§ **TRY IT**:
Only one stretch of the data below should be repeated: the lines from the line containing "WordPress Malware Redirect" through the line containing "Alt view image", inclusive, exactly as they are.

§ **RECORDS FOR PROCESSING**:

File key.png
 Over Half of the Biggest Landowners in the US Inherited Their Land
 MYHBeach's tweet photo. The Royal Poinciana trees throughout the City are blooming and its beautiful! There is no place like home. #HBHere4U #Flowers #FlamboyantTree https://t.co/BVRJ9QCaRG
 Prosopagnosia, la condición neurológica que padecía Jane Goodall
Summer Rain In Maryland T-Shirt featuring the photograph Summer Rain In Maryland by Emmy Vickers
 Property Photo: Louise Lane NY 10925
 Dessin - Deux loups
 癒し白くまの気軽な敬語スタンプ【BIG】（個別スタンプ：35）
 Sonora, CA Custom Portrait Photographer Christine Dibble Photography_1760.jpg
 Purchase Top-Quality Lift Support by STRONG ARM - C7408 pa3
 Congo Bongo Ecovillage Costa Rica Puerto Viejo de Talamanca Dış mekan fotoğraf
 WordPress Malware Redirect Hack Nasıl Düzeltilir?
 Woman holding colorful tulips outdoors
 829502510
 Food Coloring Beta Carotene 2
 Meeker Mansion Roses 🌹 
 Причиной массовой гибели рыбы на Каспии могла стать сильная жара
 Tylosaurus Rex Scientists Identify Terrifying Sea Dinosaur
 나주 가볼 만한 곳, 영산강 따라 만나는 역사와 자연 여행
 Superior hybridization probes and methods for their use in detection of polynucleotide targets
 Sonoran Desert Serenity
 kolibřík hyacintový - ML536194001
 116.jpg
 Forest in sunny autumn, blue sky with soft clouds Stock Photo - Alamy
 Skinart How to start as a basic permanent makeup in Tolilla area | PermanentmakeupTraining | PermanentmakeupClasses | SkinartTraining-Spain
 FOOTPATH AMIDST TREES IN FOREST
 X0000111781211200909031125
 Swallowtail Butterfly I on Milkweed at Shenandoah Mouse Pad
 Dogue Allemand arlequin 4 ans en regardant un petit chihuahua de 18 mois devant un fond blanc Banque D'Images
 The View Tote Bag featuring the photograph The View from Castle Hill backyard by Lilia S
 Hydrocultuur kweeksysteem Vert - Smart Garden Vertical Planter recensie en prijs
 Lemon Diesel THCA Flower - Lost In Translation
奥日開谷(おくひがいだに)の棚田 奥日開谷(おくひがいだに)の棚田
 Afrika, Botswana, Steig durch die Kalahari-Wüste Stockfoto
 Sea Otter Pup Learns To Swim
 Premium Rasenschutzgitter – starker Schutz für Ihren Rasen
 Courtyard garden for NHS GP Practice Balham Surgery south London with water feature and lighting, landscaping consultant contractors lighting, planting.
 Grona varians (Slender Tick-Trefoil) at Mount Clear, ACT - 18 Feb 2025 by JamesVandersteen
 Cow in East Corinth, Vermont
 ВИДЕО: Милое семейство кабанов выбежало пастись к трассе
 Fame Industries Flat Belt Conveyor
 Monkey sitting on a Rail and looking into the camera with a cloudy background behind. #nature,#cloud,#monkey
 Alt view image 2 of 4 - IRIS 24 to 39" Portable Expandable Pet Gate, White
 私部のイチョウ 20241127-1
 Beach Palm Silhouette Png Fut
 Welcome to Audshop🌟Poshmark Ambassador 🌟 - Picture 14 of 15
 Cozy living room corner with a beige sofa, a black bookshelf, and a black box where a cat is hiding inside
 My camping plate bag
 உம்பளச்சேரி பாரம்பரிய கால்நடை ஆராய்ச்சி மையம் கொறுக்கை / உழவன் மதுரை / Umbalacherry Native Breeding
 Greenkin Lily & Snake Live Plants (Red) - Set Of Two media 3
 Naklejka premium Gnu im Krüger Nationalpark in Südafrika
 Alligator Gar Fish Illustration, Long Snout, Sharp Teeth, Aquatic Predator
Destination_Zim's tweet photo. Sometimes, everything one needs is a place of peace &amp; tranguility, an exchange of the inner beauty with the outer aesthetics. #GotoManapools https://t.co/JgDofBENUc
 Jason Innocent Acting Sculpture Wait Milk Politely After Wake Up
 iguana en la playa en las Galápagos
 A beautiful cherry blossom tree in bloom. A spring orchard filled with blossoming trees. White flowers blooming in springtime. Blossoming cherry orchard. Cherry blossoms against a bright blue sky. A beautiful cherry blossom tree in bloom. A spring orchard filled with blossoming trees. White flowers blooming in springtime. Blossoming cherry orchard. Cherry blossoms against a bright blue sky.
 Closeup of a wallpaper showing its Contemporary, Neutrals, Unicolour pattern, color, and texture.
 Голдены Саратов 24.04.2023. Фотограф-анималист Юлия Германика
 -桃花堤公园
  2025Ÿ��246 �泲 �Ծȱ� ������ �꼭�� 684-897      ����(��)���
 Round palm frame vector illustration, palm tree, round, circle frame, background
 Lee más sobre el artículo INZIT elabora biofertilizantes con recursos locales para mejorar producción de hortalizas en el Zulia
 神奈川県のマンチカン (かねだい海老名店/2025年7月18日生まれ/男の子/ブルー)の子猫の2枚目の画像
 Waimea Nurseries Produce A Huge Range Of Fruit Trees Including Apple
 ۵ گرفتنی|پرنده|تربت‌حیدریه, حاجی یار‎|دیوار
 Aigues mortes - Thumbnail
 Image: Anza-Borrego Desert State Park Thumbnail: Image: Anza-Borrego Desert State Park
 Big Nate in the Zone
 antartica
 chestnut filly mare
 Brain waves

§ **YOUR SOLUTION**:
 WordPress Malware Redirect Hack Nasıl Düzeltilir?
 Woman holding colorful tulips outdoors
 829502510
 Food Coloring Beta Carotene 2
 Meeker Mansion Roses 🌹 
 Причиной массовой гибели рыбы на Каспии могла стать сильная жара
 Tylosaurus Rex Scientists Identify Terrifying Sea Dinosaur
 나주 가볼 만한 곳, 영산강 따라 만나는 역사와 자연 여행
 Superior hybridization probes and methods for their use in detection of polynucleotide targets
 Sonoran Desert Serenity
 kolibřík hyacintový - ML536194001
 116.jpg
 Forest in sunny autumn, blue sky with soft clouds Stock Photo - Alamy
 Skinart How to start as a basic permanent makeup in Tolilla area | PermanentmakeupTraining | PermanentmakeupClasses | SkinartTraining-Spain
 FOOTPATH AMIDST TREES IN FOREST
 X0000111781211200909031125
 Swallowtail Butterfly I on Milkweed at Shenandoah Mouse Pad
 Dogue Allemand arlequin 4 ans en regardant un petit chihuahua de 18 mois devant un fond blanc Banque D'Images
 The View Tote Bag featuring the photograph The View from Castle Hill backyard by Lilia S
 Hydrocultuur kweeksysteem Vert - Smart Garden Vertical Planter recensie en prijs
 Lemon Diesel THCA Flower - Lost In Translation
奥日開谷(おくひがいだに)の棚田 奥日開谷(おくひがいだに)の棚田
 Afrika, Botswana, Steig durch die Kalahari-Wüste Stockfoto
 Sea Otter Pup Learns To Swim
 Premium Rasenschutzgitter – starker Schutz für Ihren Rasen
 Courtyard garden for NHS GP Practice Balham Surgery south London with water feature and lighting, landscaping consultant contractors lighting, planting.
 Grona varians (Slender Tick-Trefoil) at Mount Clear, ACT - 18 Feb 2025 by JamesVandersteen
 Cow in East Corinth, Vermont
 ВИДЕО: Милое семейство кабанов выбежало пастись к трассе
 Fame Industries Flat Belt Conveyor
 Monkey sitting on a Rail and looking into the camera with a cloudy background behind. #nature,#cloud,#monkey
 Alt view image 2 of 4 - IRIS 24 to 39" Portable Expandable Pet Gate, White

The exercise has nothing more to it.